From: Greywolf <greywolf_at_starwolf.com>
Date: Tue, 4 Aug 2009 13:59:40 -0700 (PDT)

Nick sez:

NS: I have never had a working copy that included both changed files I
NS: was ready to commit and changed files I wasn't ready to commit. In
NS: fact, I don't work in such a way that that would ever happen.

Andy sez:

AL: And I do all the time, because my change management process & timing
AL: requirements more or less require that I do so (otherwise I'd need to
AL: maintain a half-dozen WCs of a single project on my workstation). And
AL: I've never had any problems with Subversion or TSVN resulting from it.
AL: Every one of my commits has had exactly what I wanted and expected
AL: included in it, because I review what's being committed before I click

For what it's worth, I work both ways: Sometimes I make partial commits,
usually right before my project either enters test just before release,
or right before I fork the release "tag". If neither of those is
happening, I make full commits.

[what I'm doing: I have things that depend on a particular version of
a library, which includes components that need to be checked in just
prior to rebuilding the library. The library will be at version
(fileversion + 1), due to the nature of what needs to be done.]
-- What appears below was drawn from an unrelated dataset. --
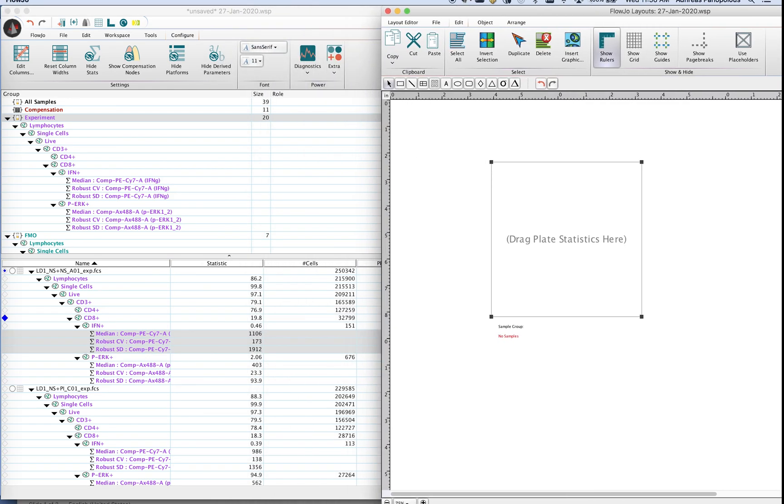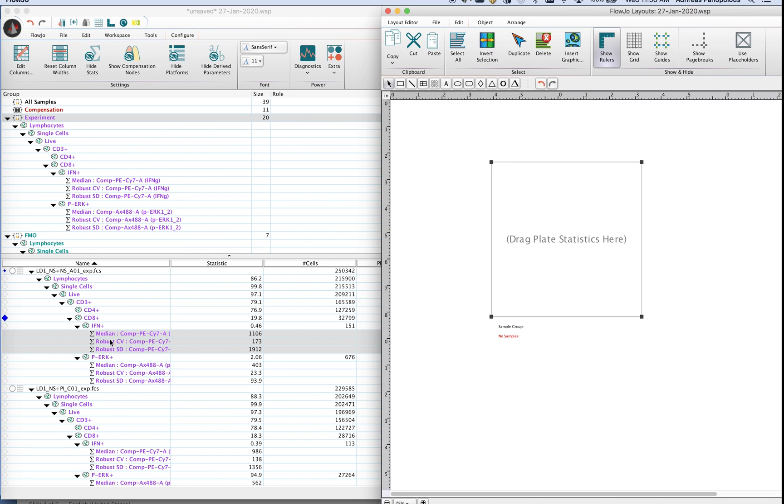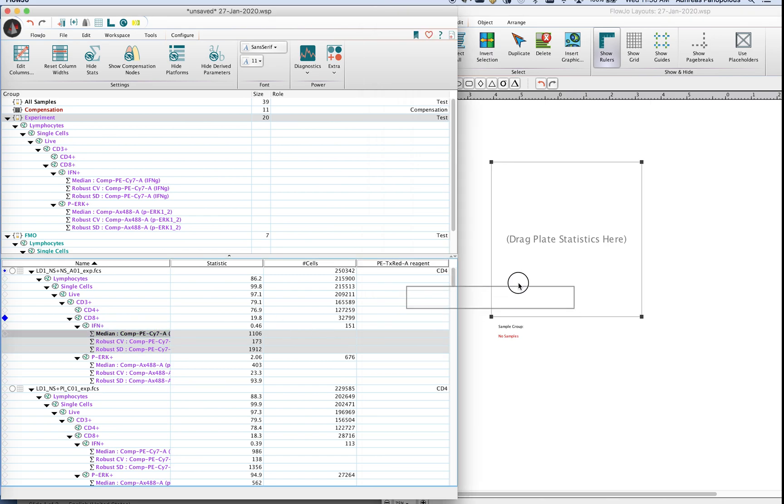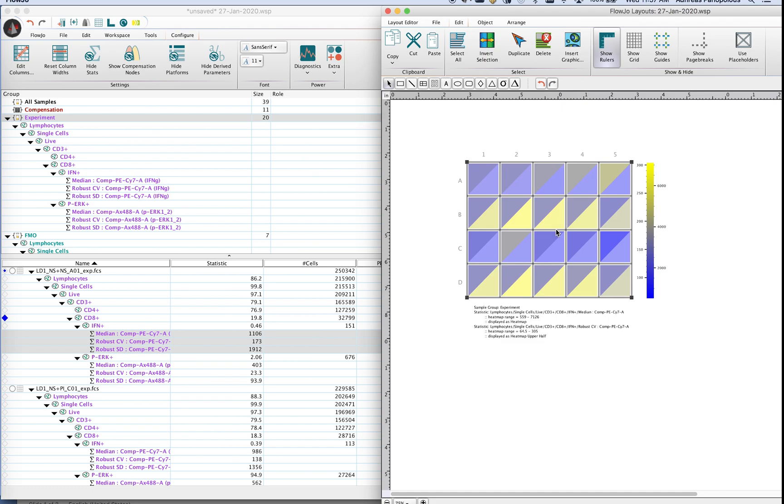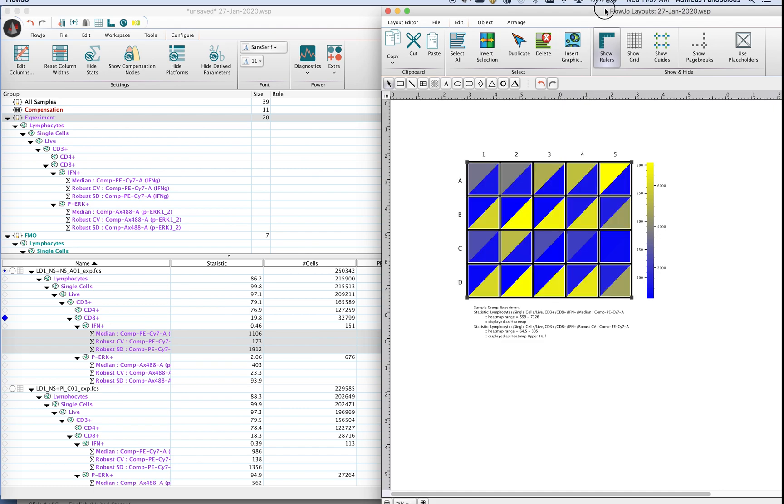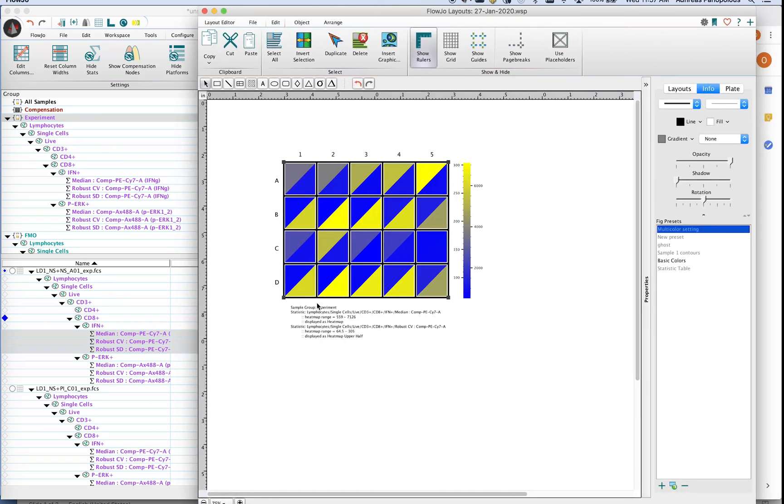So if you'd like you can go ahead and drag the gambit of statistics that you have directly into that plate and it'll give you a split heat map in this case. But as you noticed I dragged in three statistics and what is being displayed here are only two.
Both of these actions are *intentional*; i.e. I am aware of what I am

I, too, have unintentionally begun a commit before thinking to see where
I was at, from time to time.

This is precisely what the "Cancel" button is for: "Hey, where's all the
other stuff I changed? Oops. Checking in from the wrong spot. Try

So I'm going to weigh in as heavily as a non-externals-using, non-svn-nor-
tsvn-core-dev member can weigh in and say that what is befalling you is
not the responsibility of the app -- it is your responsibility to make
sure you are at the top level before checking stuff in, or to make sure
that if you are doing partial commits, you're conscious of it (as Andy and
I and likely others are). This is going to sound kind of patronising,
and I do apologise in advance, but what needs to change is your conscious
workflow, not the software. When you learn a new operating system, or
are hired on into a new environment, or load up a new app, are the OS,
environment and/or app supposed to adapt to you? Or does it work the
other way around?

Think of it this way: If you're in a very high-level directory and you,
say, type "rm -r ./somedir". It is not going to warn you that you are
potentially removing a lot of stuff and/or a lot of potential state. It
is going to go off and do it and only give an error if it encounters
something it cannot handle (read-only directory, segmentation fault after
removing libc.so, etc.). Whose fault is it that you typed in the wrong
thing at the wrong place?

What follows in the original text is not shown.